• PROBLEM DESCRIPTION:
Return each line of the listing below, unchanged, and omit the images.

---------------

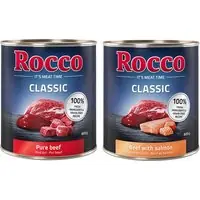 Lägg i varukorgen Ekonomipack Rocco Classic 24 x 800 g - Mix Rent nötkött, Nötkött & lax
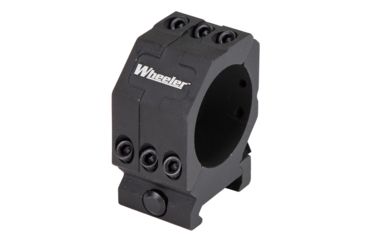 Image of Wheeler Engineering Picatinny Rail Scope Rings, 1in, High, Black, 1099903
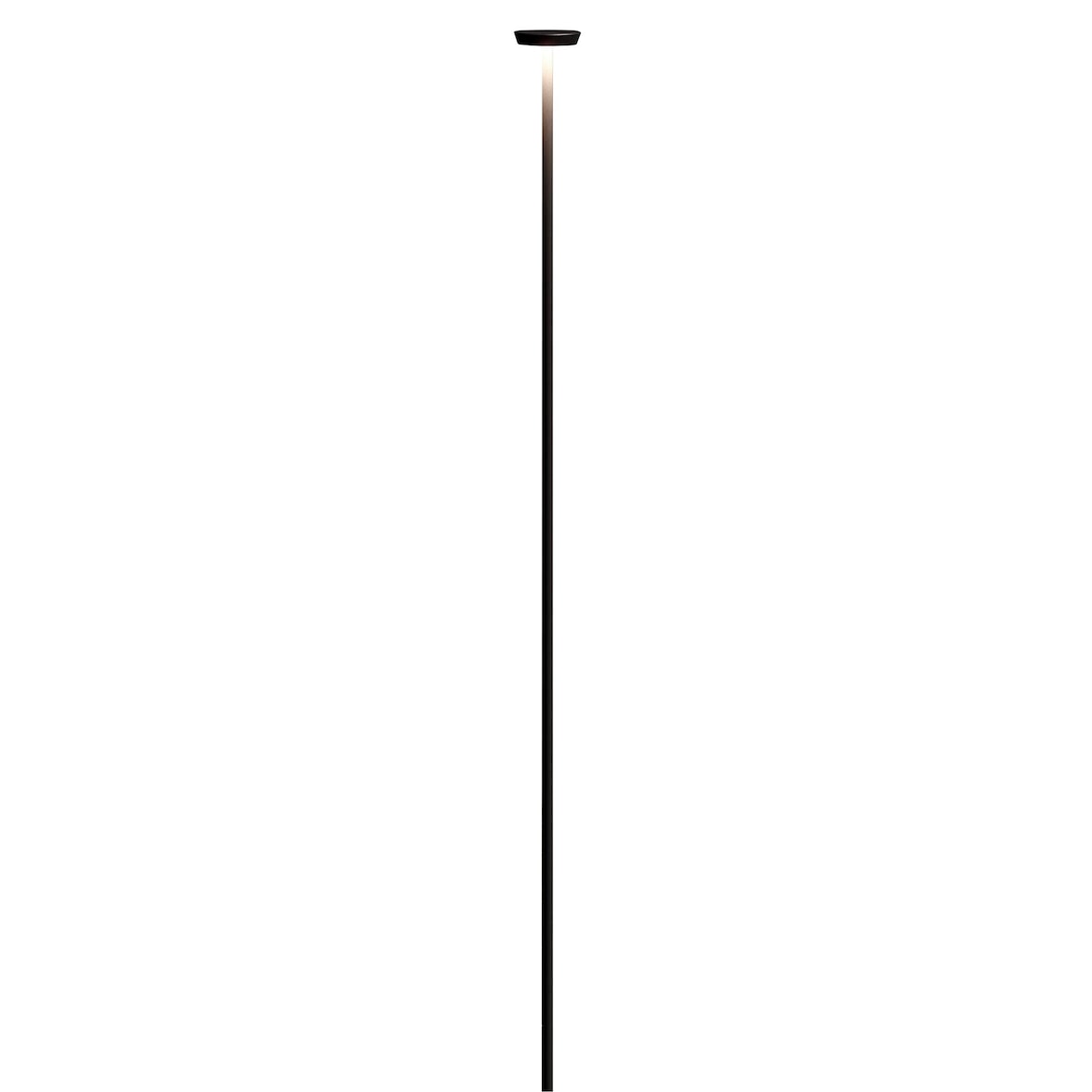 Lumisky Poste de iluminação solar PIN MAXI, 66 cm de altura Alumínio Preto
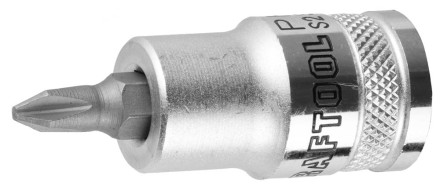 Торцовая бита-головка KRAFTOOL &quot;INDUSTRIE QUALITAT&quot;, материал S2, PHILLIPS, сатинированная, 1/2&quot;, PH2 27901-2_z01 купить в Нефтеюганске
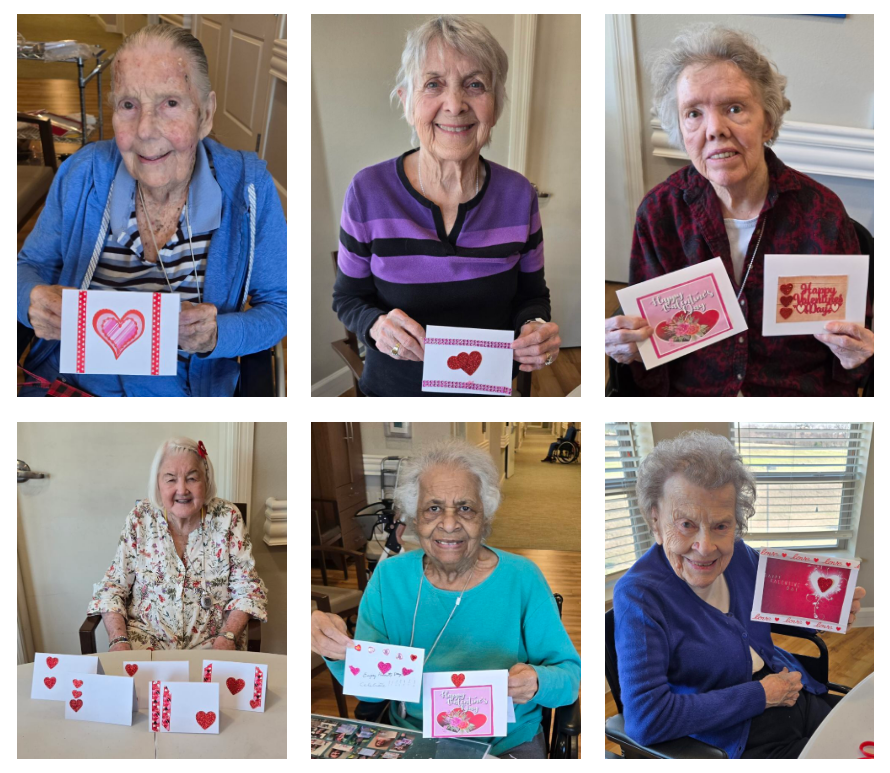 PVN Assisted Living residents Spreading Love to Heroes This Valentine’s Day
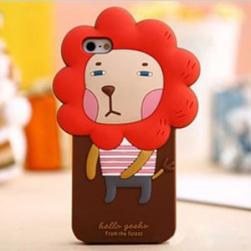 Силиконовый чехол Momo's Animals Lion Лев для IPhone 5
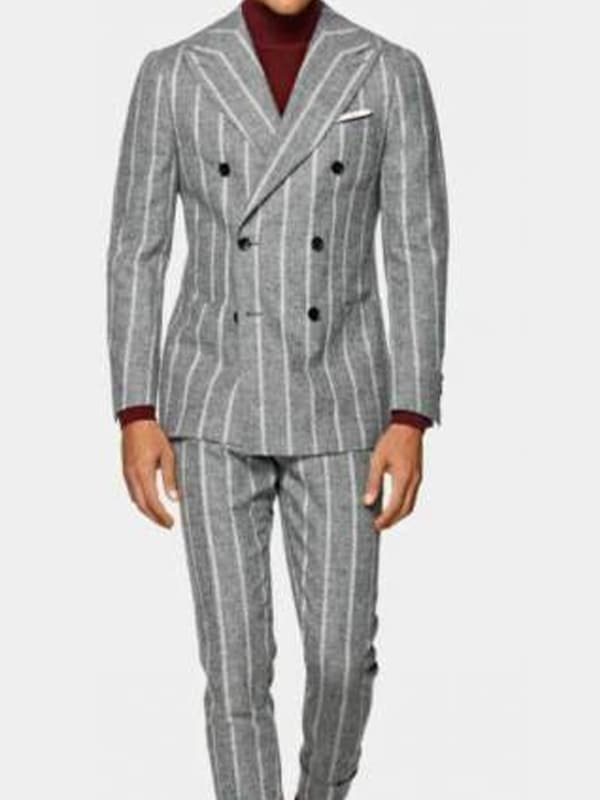 Bel-Air Carlton Banks Grey Striped Formal Havana Suit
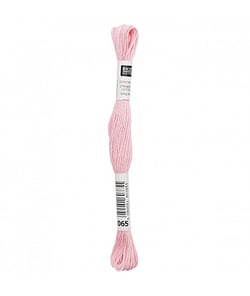Fil à broder mouliné Uni - Rico Design 065 Rose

---------------

• EXERCISE RESULT:
 Lägg i varukorgen Ekonomipack Rocco Classic 24 x 800 g - Mix Rent nötkött, Nötkött & lax
 Image of Wheeler Engineering Picatinny Rail Scope Rings, 1in, High, Black, 1099903
 Lumisky Poste de iluminação solar PIN MAXI, 66 cm de altura Alumínio Preto
 Торцовая бита-головка KRAFTOOL &quot;INDUSTRIE QUALITAT&quot;, материал S2, PHILLIPS, сатинированная, 1/2&quot;, PH2 27901-2_z01 купить в Нефтеюганске
 PVN Assisted Living residents Spreading Love to Heroes This Valentine’s Day
 Силиконовый чехол Momo's Animals Lion Лев для IPhone 5
 Bel-Air Carlton Banks Grey Striped Formal Havana Suit
Fil à broder mouliné Uni - Rico Design 065 Rose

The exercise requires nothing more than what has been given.